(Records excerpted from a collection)
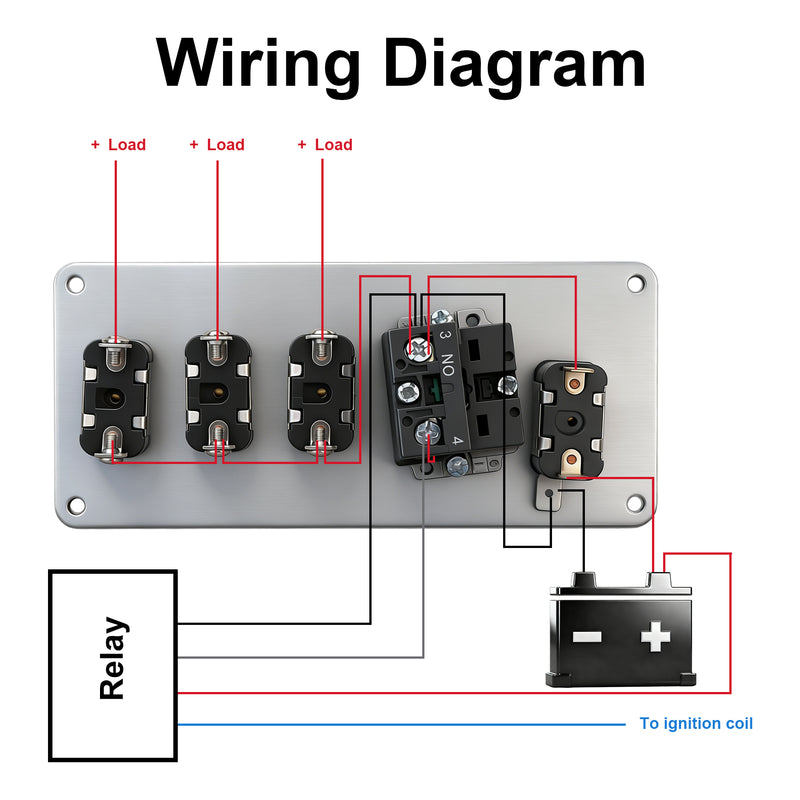 Weasch 12V Carbon Ignition Switch Panel, 5 in 1 with Engine Push Button Toggle Switches, with 12AWG Relay Kit for RV Truck Racing Car Boat Marine Trailer-7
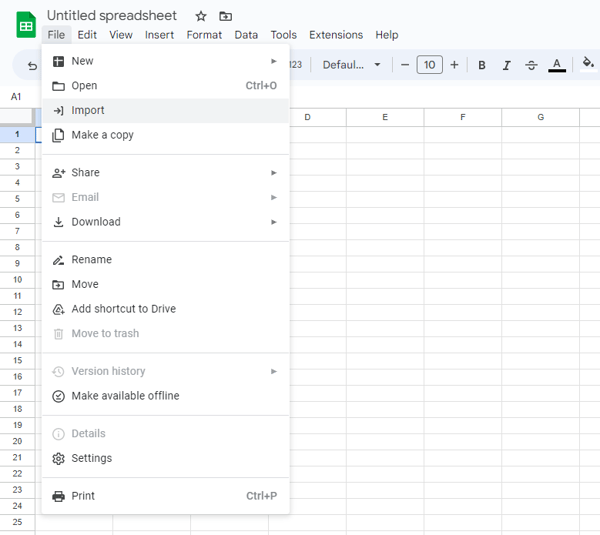 Go to Google Sheets and hit File, Import.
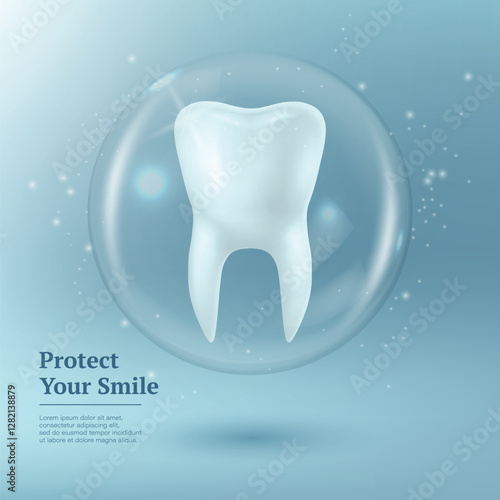 Protect Your Smile. Vector 3D Realistic Tooth in a Protective Bubble Isolated on a Blue Background. Design Template, Clipart, Mockup. Dentistry, Healthcare, Medical, Hygiene, Protection Concept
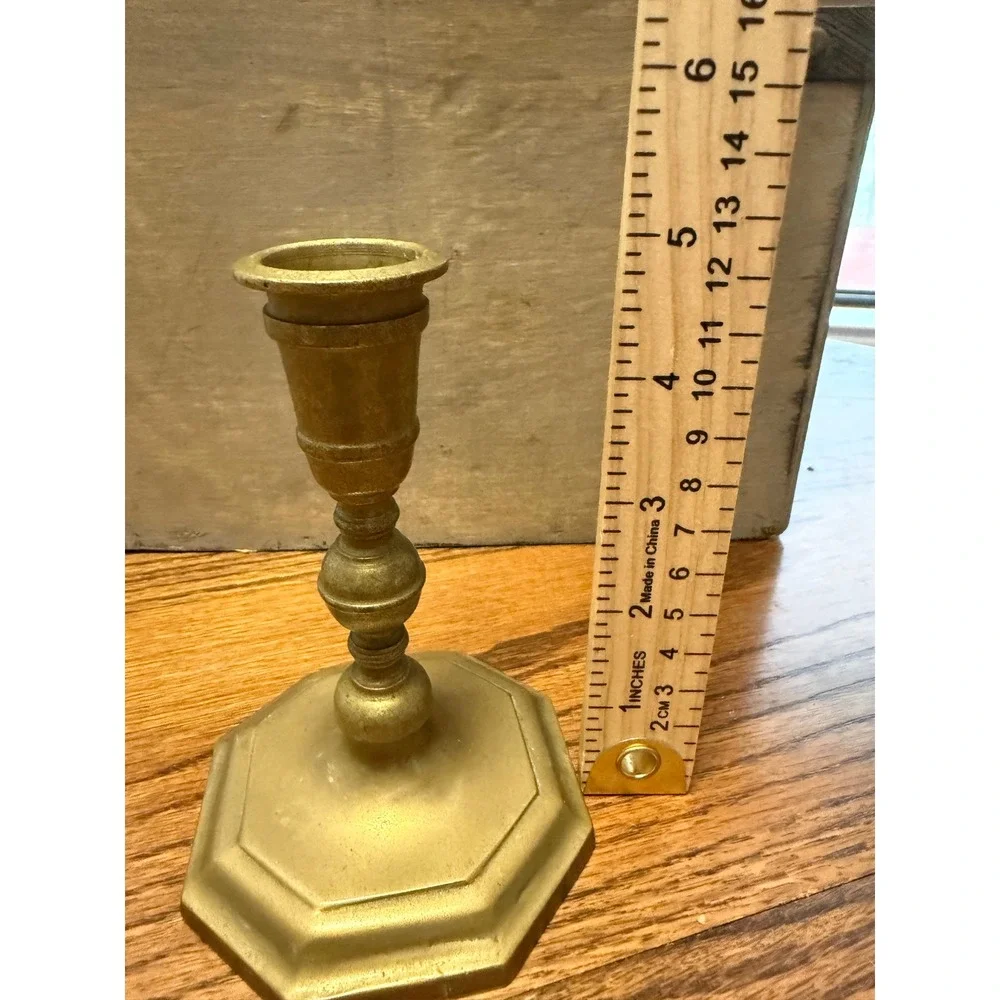 Vintage Brass Candlestick Holder Hexagonal Base Turned Stem Gold Taper Stand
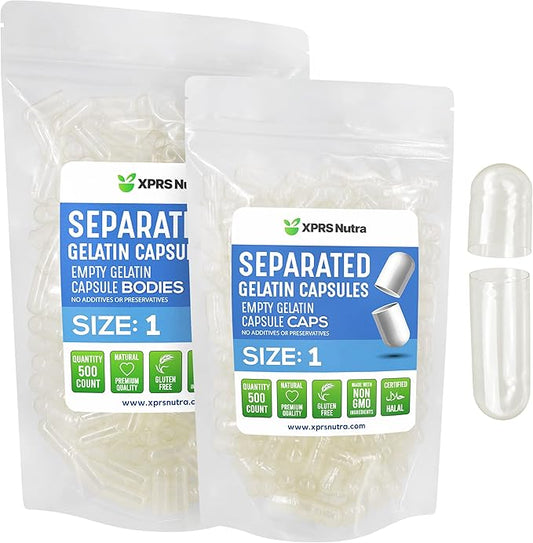 XPRS Nutra Size 1 Gelatin Separated Capsules - 500 Count Empty Pill Capsules Separated in Bags - Clear Empty Capsules - Separated Empty Capsules - Pill Capsules Empty for DIY Supplement Filling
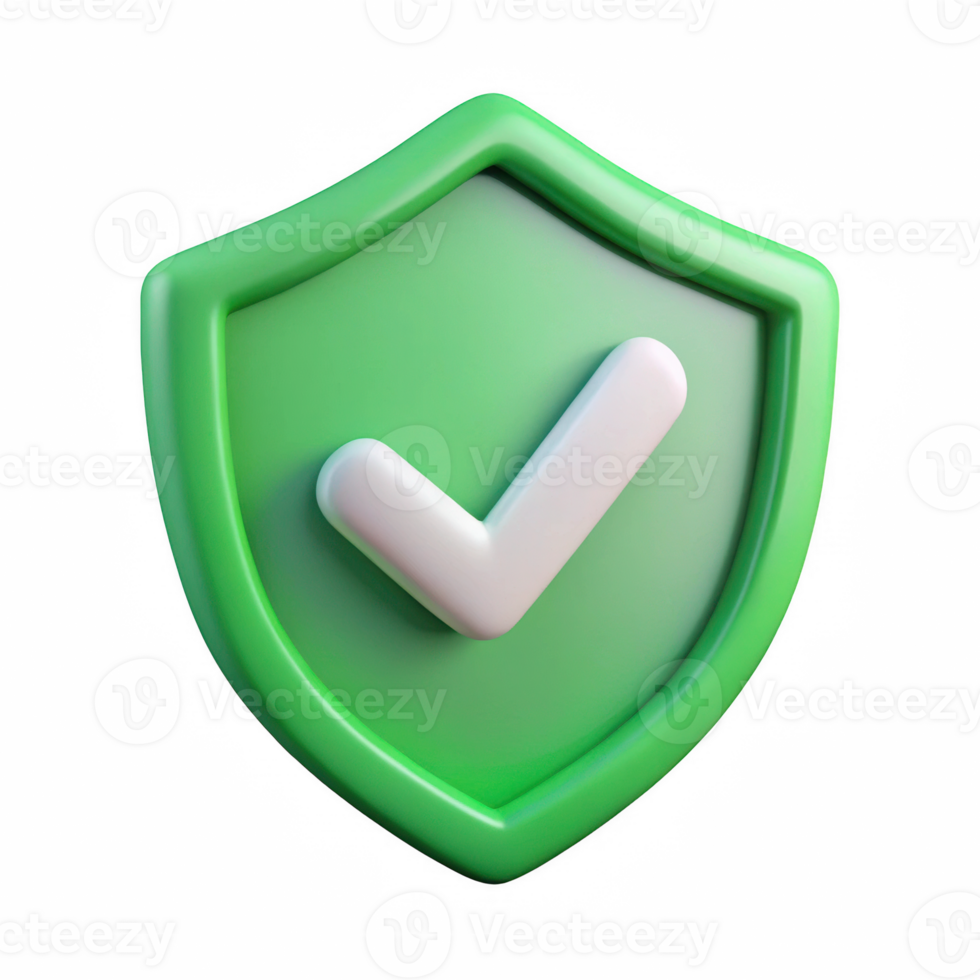 Green shield icon with check mark isolated on transparent background png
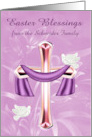 Easter Religious Custom Name with a Cross and White Doves card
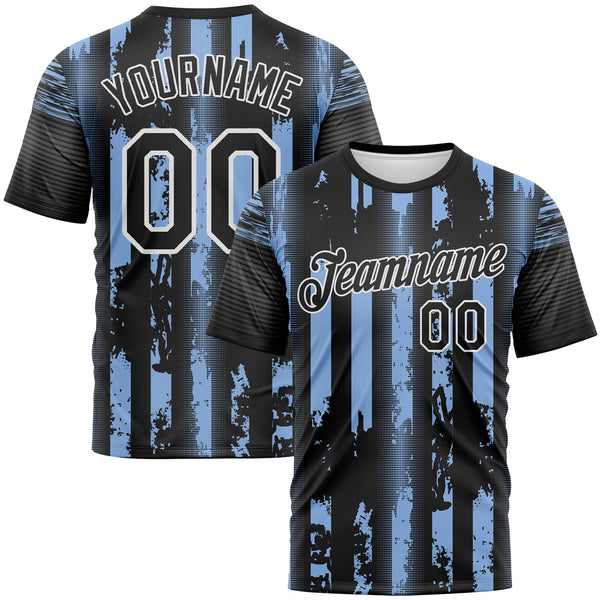 Custom Light Blue Black-White Vintage Vertical Stripe Fantasy Performance T-Shirt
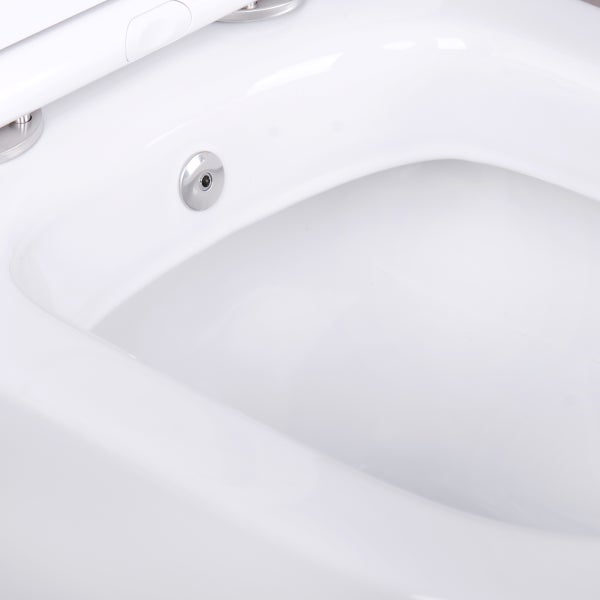 Detailansicht eines Dusch-WCs mit integrierter Reinigungsdüse in der Keramikschüssel.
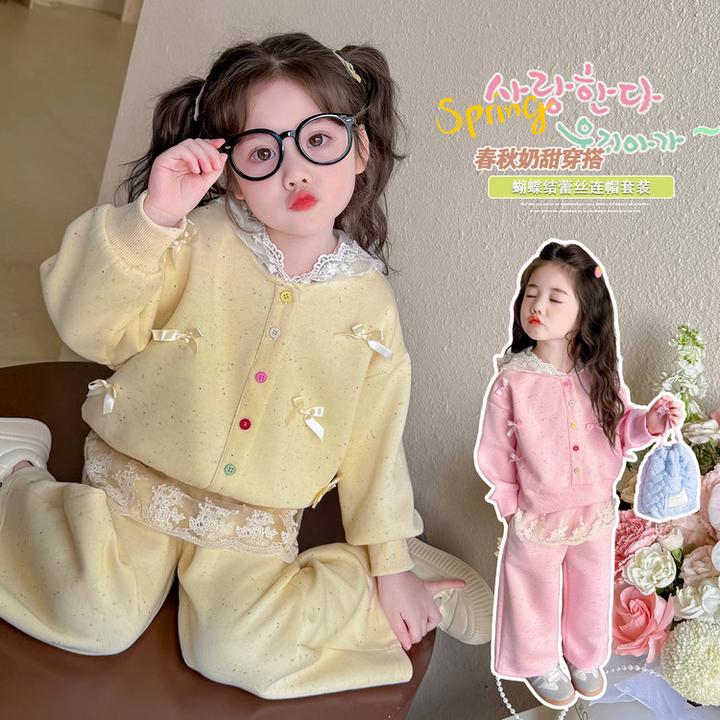 彩点套装童装儿童女童2025年款衣服秋装服装女童秋装6岁潮款套装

**Task details**
If a line comes after the line with "Vintage Brass Candlestick", it stays out; print exactly every line from the start of the entries up to and including that line, but no pictures.

**Written response**
 Weasch 12V Carbon Ignition Switch Panel, 5 in 1 with Engine Push Button Toggle Switches, with 12AWG Relay Kit for RV Truck Racing Car Boat Marine Trailer-7
 Go to Google Sheets and hit File, Import.
 Protect Your Smile. Vector 3D Realistic Tooth in a Protective Bubble Isolated on a Blue Background. Design Template, Clipart, Mockup. Dentistry, Healthcare, Medical, Hygiene, Protection Concept
 Vintage Brass Candlestick Holder Hexagonal Base Turned Stem Gold Taper Stand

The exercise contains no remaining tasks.